Hey! We moved the couch! That’s good progress on our road to making this place cozy. I can’t believe I live in a place with a room big enough to accommodate a floating couch with ease.
The big rooms are proving very hard to organize and decorate, and we actually tried about 3 different living room orientations over the weekend before getting tired of pushing couches and calling this fine for now.
If we’ve picked up on anything, it’s that we’ll need some mega furniture to fill this space, and I’m not talkin’ about a lot of little pieces, what we need are a few big pieces to help with the scale. For the living room, we’re already shopping for a big coffee table, keeping our eyes peeled for something vintage/mid-century/hardwood that will complement some of the more modern retail furniture–like a mega sectional–that we expect to acquire.
What we did happen upon recently, were a set of vintage safari chairs on Craigslist. In one of those late-night-email-the-seller-from-bed-in-glee moments, I set out to check them out for myself. It’s been a long time since I’ve allowed myself to indulge in Craigslisting, because in the last house we were really tight for space and buying something new would mean replacing what was already there.
Obviously, because the chairs are here and now situated in our mish-mashed living room, you can tell that we bought them, two of them in great condition for $80 total. From what I can tell, and I can’t find a lot of information about them online, is that these are 1940’s safari folding chairs with hardwood frames and pleather seats. It’s not real leather even though it looks and feels real, I know this because the underside of the seat is noticibly canvas, but we’re fine with that. Who knew they made great lookin’ pleather in the 1940’s?
The chairs were manufactured by Gold Medal Folding Furniture Company and really only needed a little bit of clean-up once we brought them home; Gold Medal is still in existence today, one of those iconic brands that has been around since 1892 and you’re probably used to seeing all over but never bothered to learn much about. They’re known for the original director’s chair, but apparently went rogue on occasion and made really stellar pieces, like these safari chairs.

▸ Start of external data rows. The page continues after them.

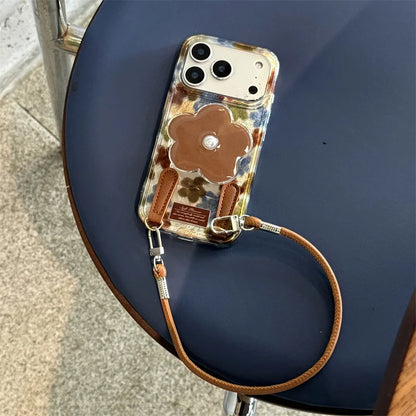 Fashion Oil Painting Flower Phone Case For iPhone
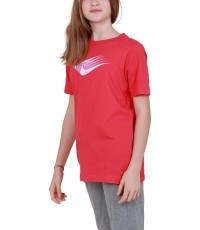 Nike Marškinėliai Paaugliams Nsw Tee Core Brandmark 3 Red DO1824 666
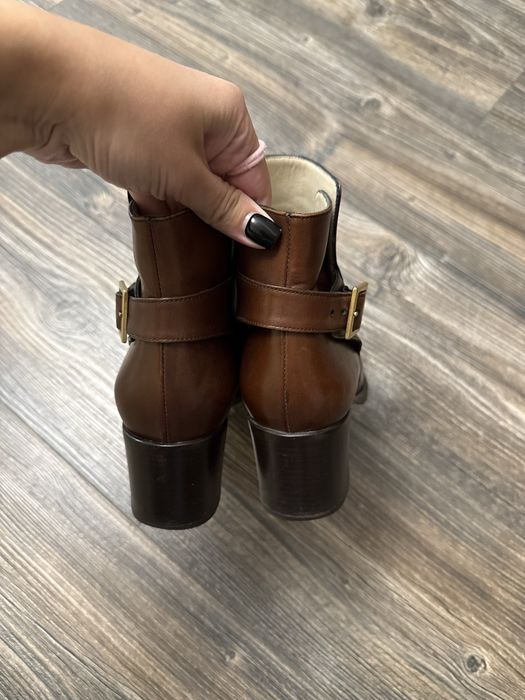 Кожаные ботинки ботильоны Bally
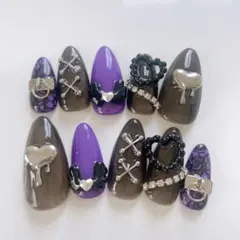 No13 地雷ネイルチップ♡量産型♡サブカル系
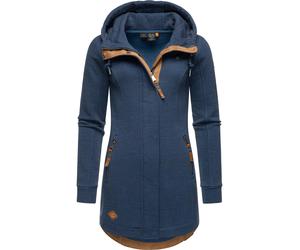 Langer Sweat-Übergangsmantel mit Kapuze "Letty Intl." Navy23 M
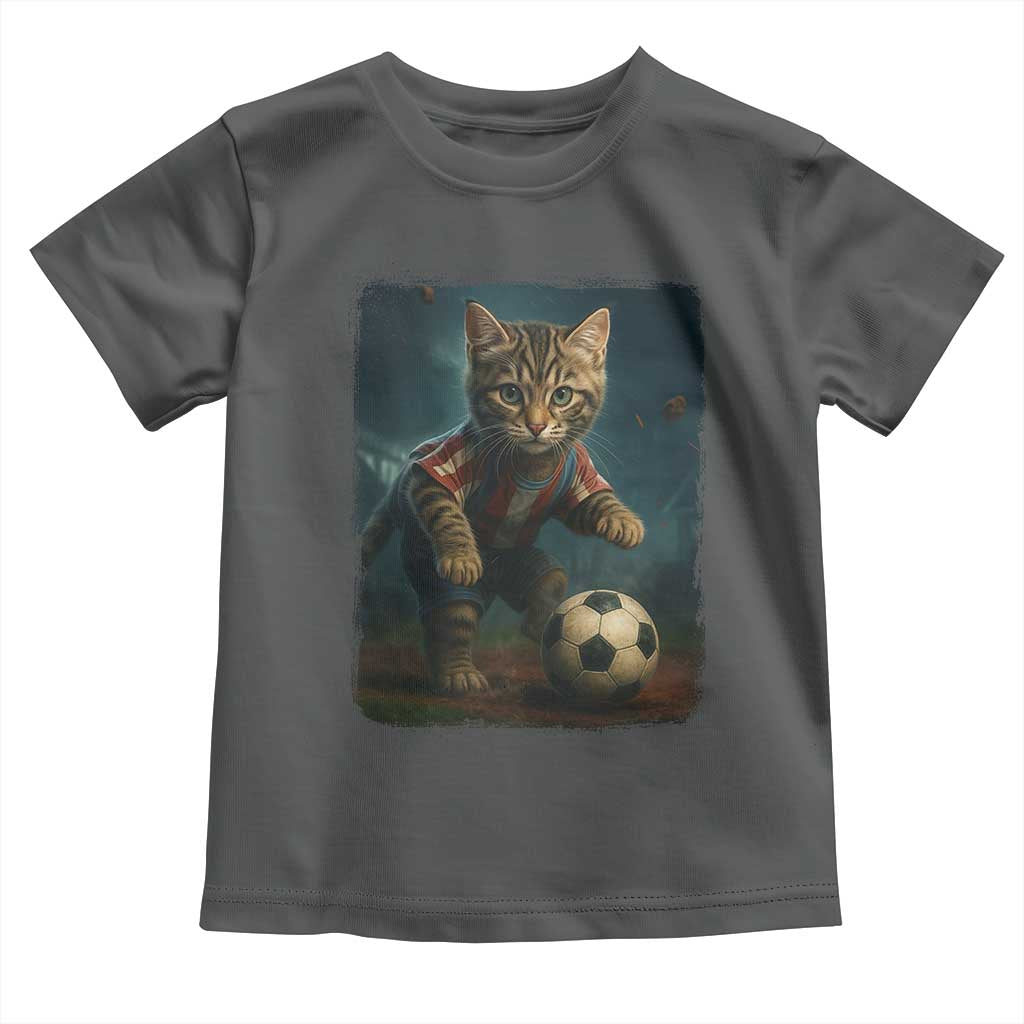 Funny Cat Soccer Ball Toddler T Shirt Cute Kitty Football Player Lover - Wonder Print Shop
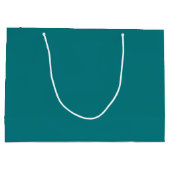 Grand Sac Cadeau Couleur uni profond Aqua turquoise (Dos)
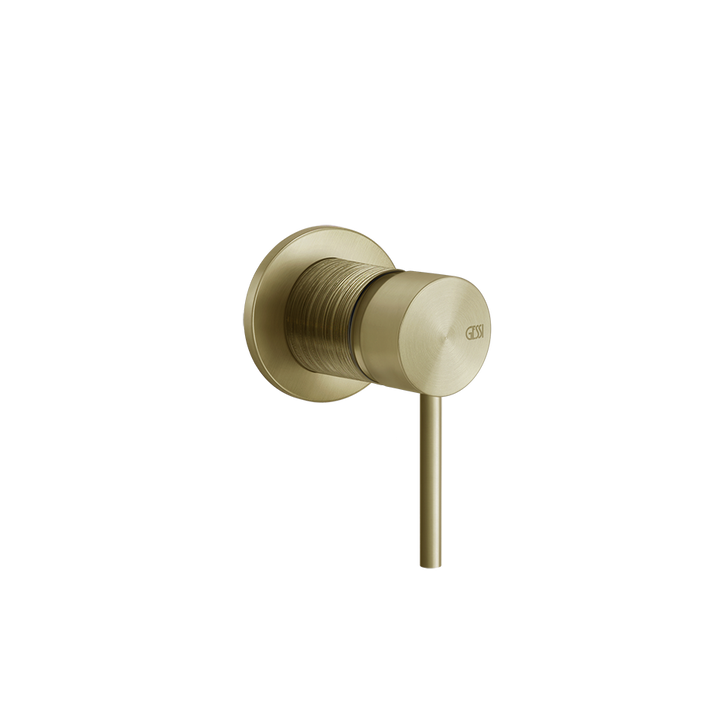 Trame One-Way Diverter Mixer - 54319 Bathroom Accessories GESSI Brass Brushed PVD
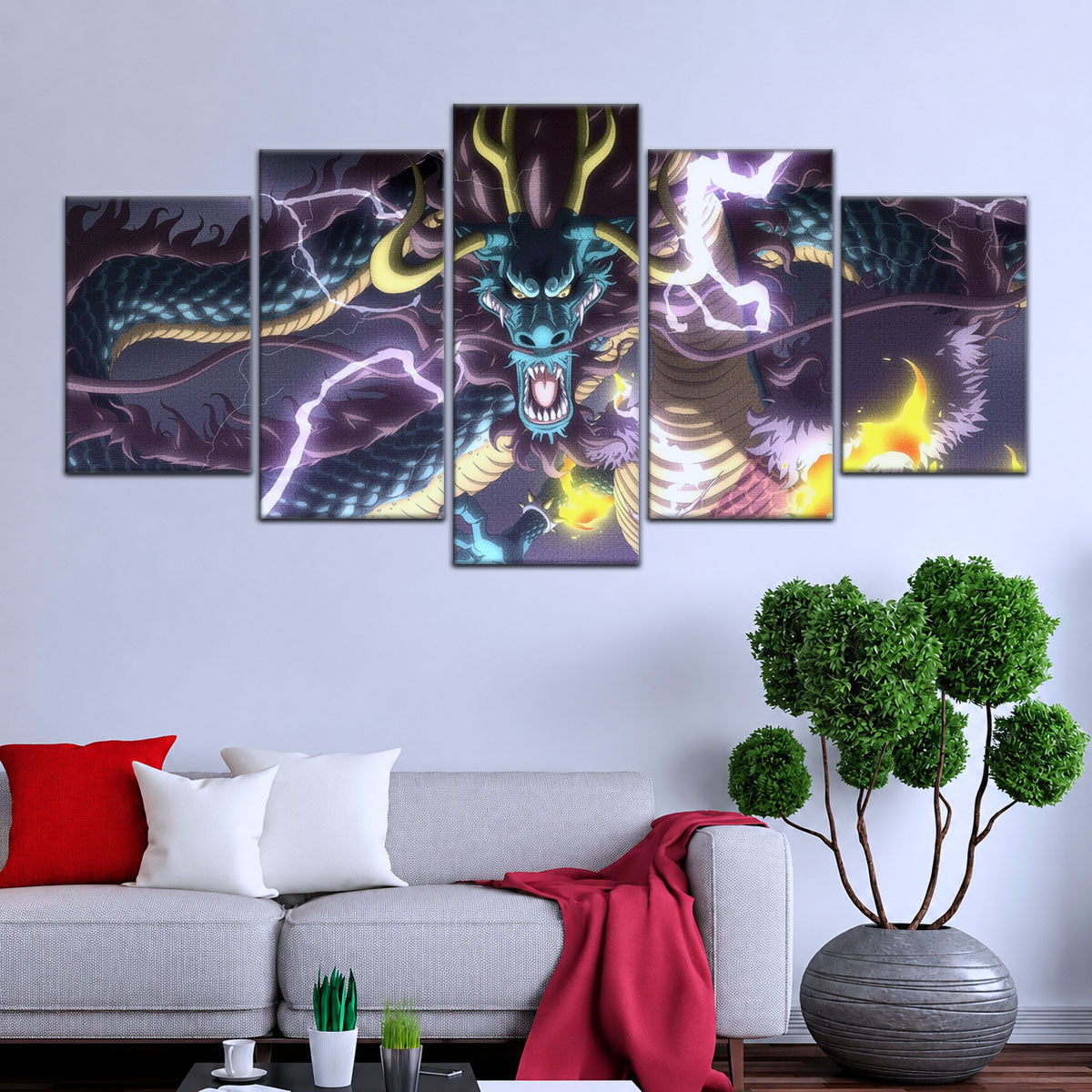 One Piece Canvas Wall Art - OP5035 - Kaido Thunderstorm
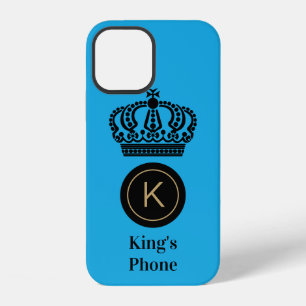 Königshandy Blau Hintergrund Personalisiertes Mono iPhone 12 Hülle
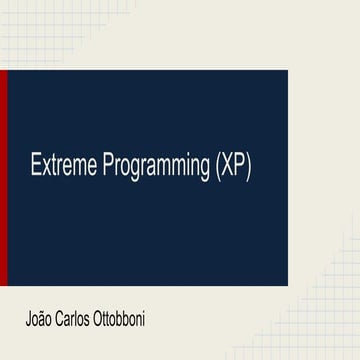  Extreme programming   (xp)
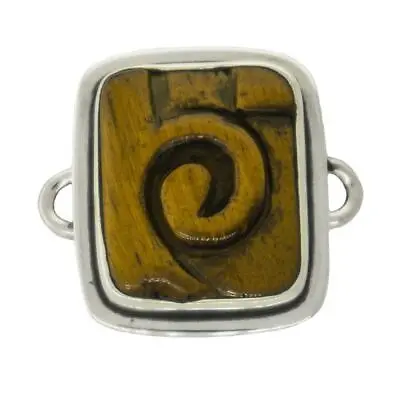 Tabra Jewelry 925 Sterling Silver Tiger Eye Connector Charm From Esme's Vault • $206.40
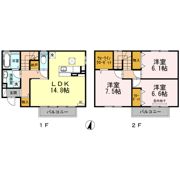 プレンティーユーノの間取り画像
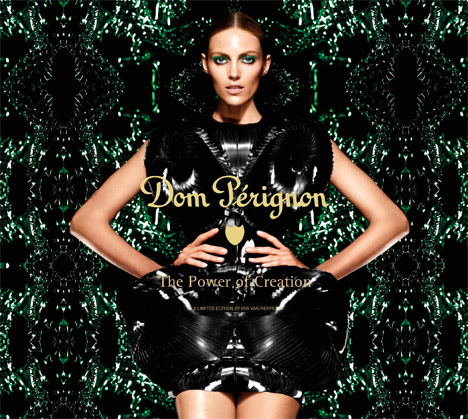 Model wearing a creation by Iris van Herpen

One thing worth noting, there were scratches on the legs. Before getting down with diluted Murphy Oil Soap in water, I used the Pinterest-wild trick of rubbing a walnut along the scratches. True story, the oil in the walnut miraculously makes the scuffs vanish and disguises scratches, unless of course they’re gouges. They’re walnuts, not wood filler After using several pieces of chopped walnut from our own cupboard, I continued to disassembled the chairs and massaged the hardwood components peacefully, pleather and all, with a dampened rag.
They are legitimately folding chairs, which is both cool and a little uncommon for day-to-day living. What’s especially nice about these versus the modern director’s chair is that the back support shifts too, pivoting to provide extreme back comfort. It’s probably what sold us. I’m writing this post in one of them now. It’s amazingly contouring and comfortable for my slouching spine.
Now try hard to imagine them in a room with a different couch, a huge ottoman/coffee table, whiter walls, fewer exposed routers and modems, and light wood floors. Fitting. Right? Right. We have such a long way to go with this place.